Claes in Lund, Sweden

4 Likes

Beautiful! The shot and the flower…

My dad had a flower-shop and these have such soft petals and sharp looking carpels/stamens/pollen. Made my edit with that in mind:


gerbera.daisy.nikon.d800.nef.xmp (11.2 KB) darktable 3.0.2

Thanks for sharing this one!

3 Likes

@Claes Oh yeah! That gets me to thinking about adding an extension tube and giving it another shot!

Great!


800_1971.NEF.xmp (8.3 KB)

2 Likes

And here black and white versions:


800_1971.NEF.xmp (10.6 KB)


800_1971.NEF.xmp (9.7 KB)

2 Likes

@Thomas_Do Very nice! I’m looking forward to examining the .xmp files. I’m guessing the second is a crop from the first?

Yes, there were so many nice details, I had to “enlarge” them to make them visable (following the idea of @Claes). The b/w version is based on the color edit. Starting with b/w from scratch, might be better.
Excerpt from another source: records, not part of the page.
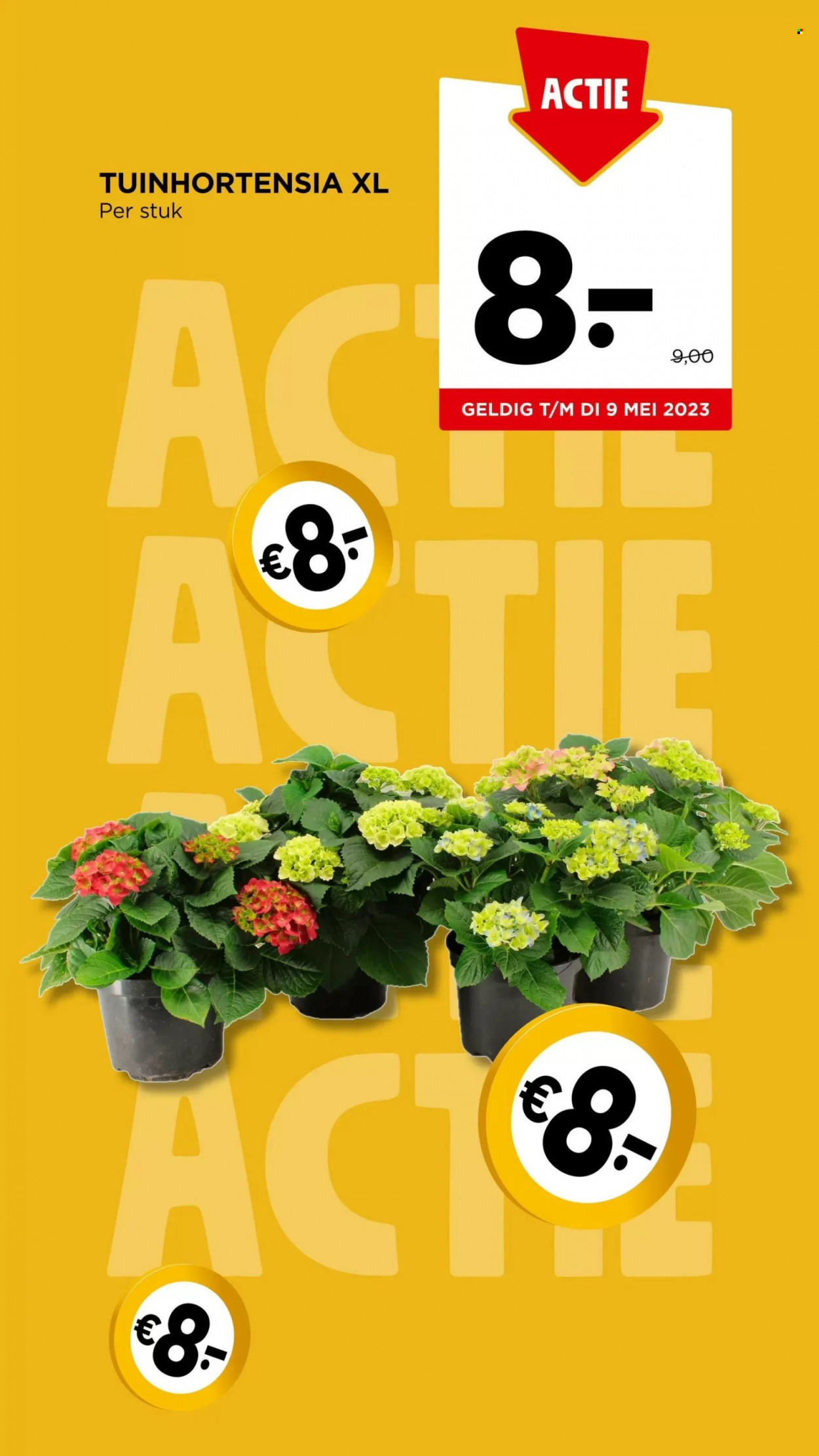 Jumbo-aanbieding - 3-5-2023 - 9-5-2023. Pagina 35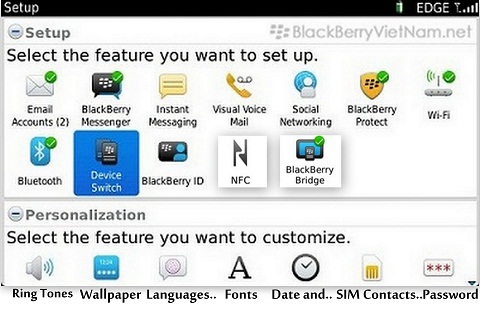 2-blackberry 7.jpg
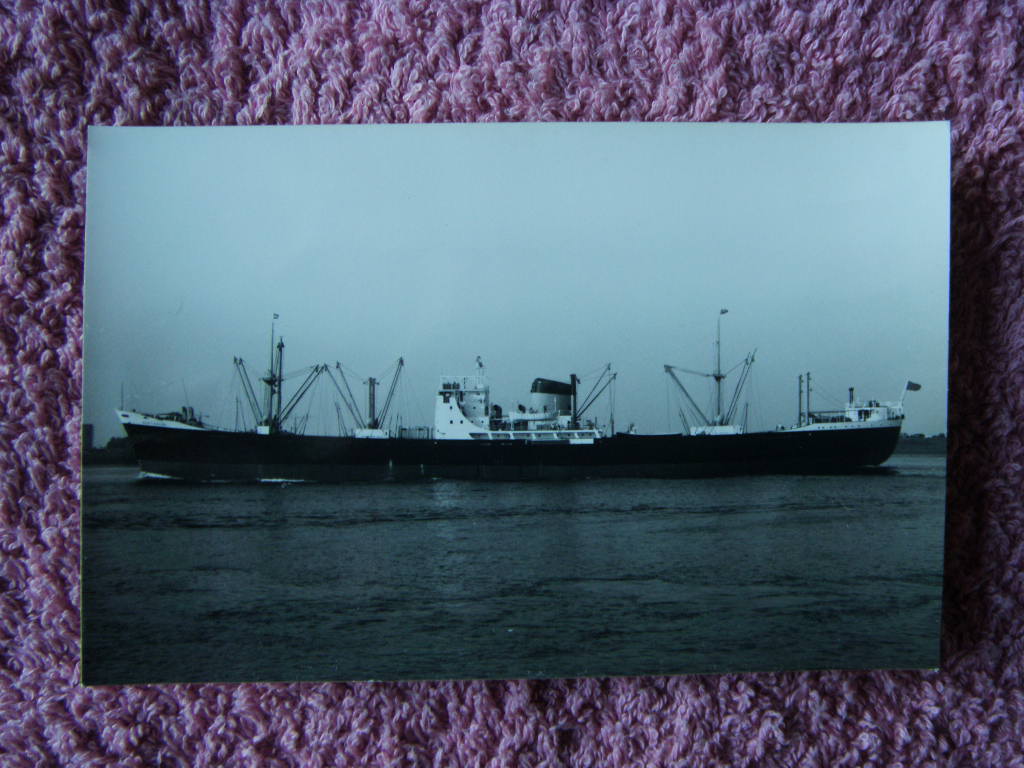 ORIGINAL B/W PHOTOGRAPH OF THE BANK LINE VESSEL THE NORTHBANK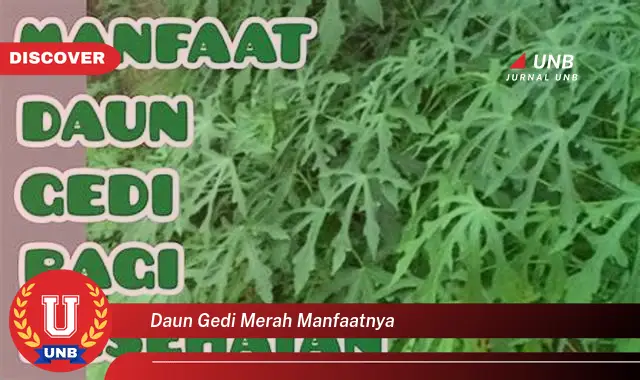 daun gedi merah manfaatnya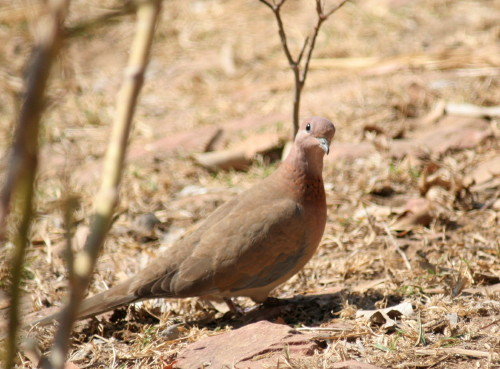 Laughing Dove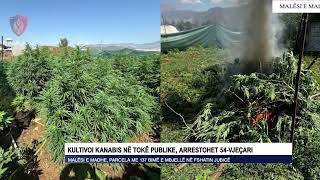 Kultivoi kanabis në tokë publike, arrestohet 54-vjeçari
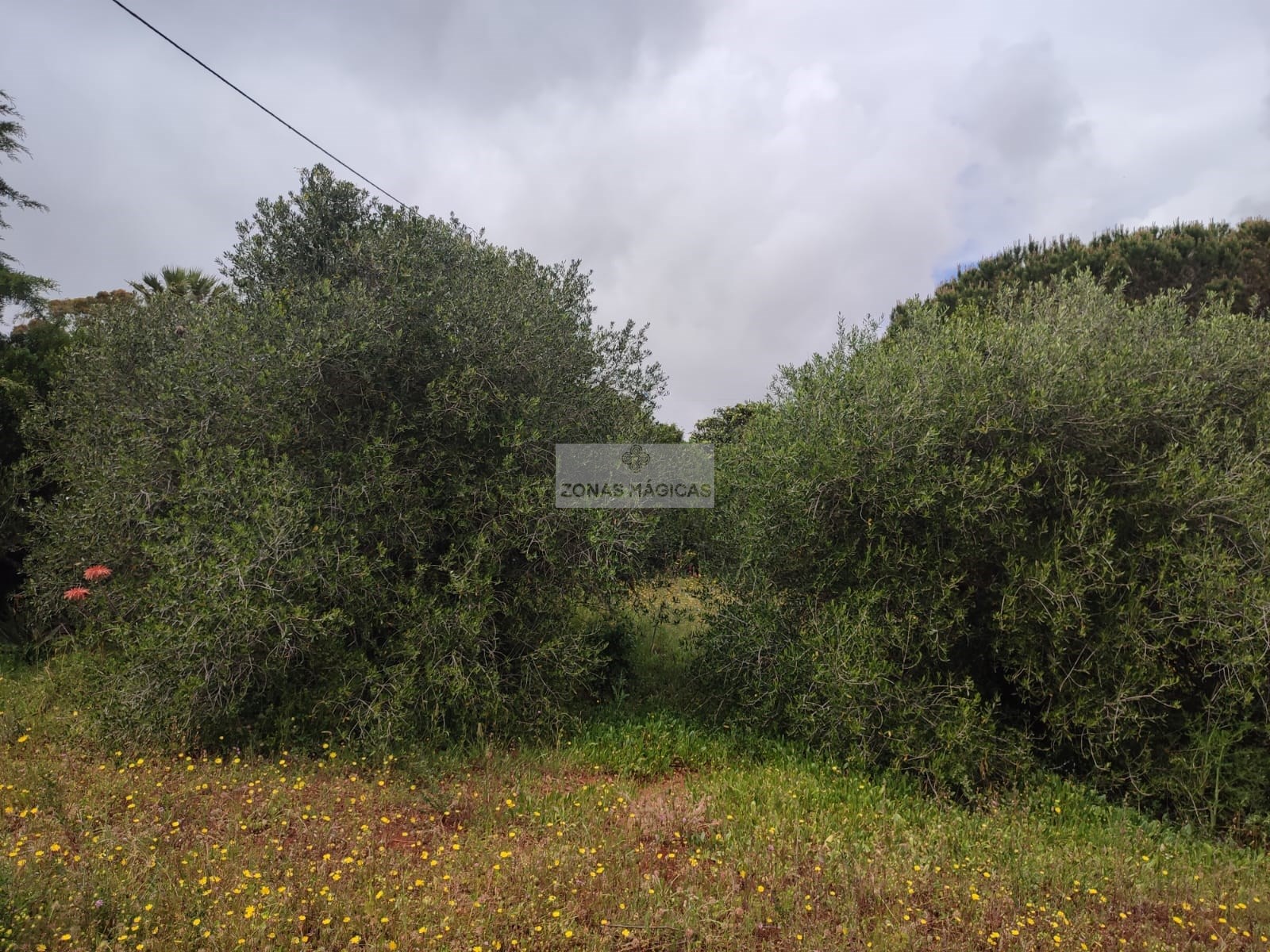 Land, For Sale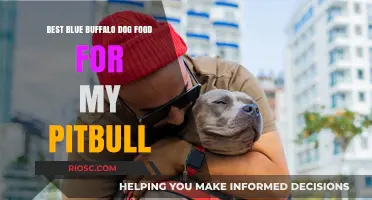 Top Blue Buffalo Dog Food Picks for Your Pitbull: A Comprehensive Guide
@Jade_NL Thanks and you’re welcome respectively! The flower was sitting on the window sill above the kitchen sink. I thought that the right “half moon” was a shadow but by getting a closer look, I could see that wasn’t the case. So, out came the 180mm macro. I was tempted to focus on the stamens on the outside of the “hub” against the soft petals, but decided to stick to what caught my eye to begin with and pretty much focused on dead center of the “hub.”

My take:

800_1971.png.out.pp3 (12.7 KB)
RT5.8dev (commit 90180a7d1).

Nice lens, by the way.

3 Likes

At those magnification ranges the best way is to shoot a ruler or something with known size right after the subject, without touching the focusing ring, nor autofocus again

EDIT: sorry, that was a lazy explanation

The idea is that you have shot both your subject and the known size object with the same focus settings in camera. That way both have the same (unknown yet) magnification.

After that, within your preferred application, you pick a measure horizontally or vertically from your known size object. Let’s say it’s a ruler: you pick e.g. a distance of 20mm horizontally.

Next, you somehow measure the pixels contained in that distance: let’s say there are 3000 pixels in those 20mm.

If the image is 4500 pixels wide and your sensor is 24mm wide, that means 4500pixels=24mm

In your image 3000pixels=20mm, so 4500pixels=30mm (in your shot).

You have shot an area of 30mm, and your sensor is 24mm, so the magnification (on sensor) is 24/30=0.8x (lower than real life, or 1:1)

Hope this is a better explanation

2 Likes

I appreciate the effort. I can recall reading something a while back about calculating the magnification based on focal length of the lens and what you would have after adding extension. It may have been in a Nikon bellows manual, but I really can’t remember. Perhaps someone here will know but it’s not really important.

I didn’t say it was the only way :smiley:

That formulae are based on lenses focused at infinity, if I’m not wrong. In such case, if you double the focal length with extensions, then you double the magnification ratio of the lens (at infinity).

The problem with modern lenses, specially those that have internal focusing, is that when you focus something closer, the effective focal length changes internally, so you will never know the real length, just the magnification you get on sensor (and that is a priori unknown).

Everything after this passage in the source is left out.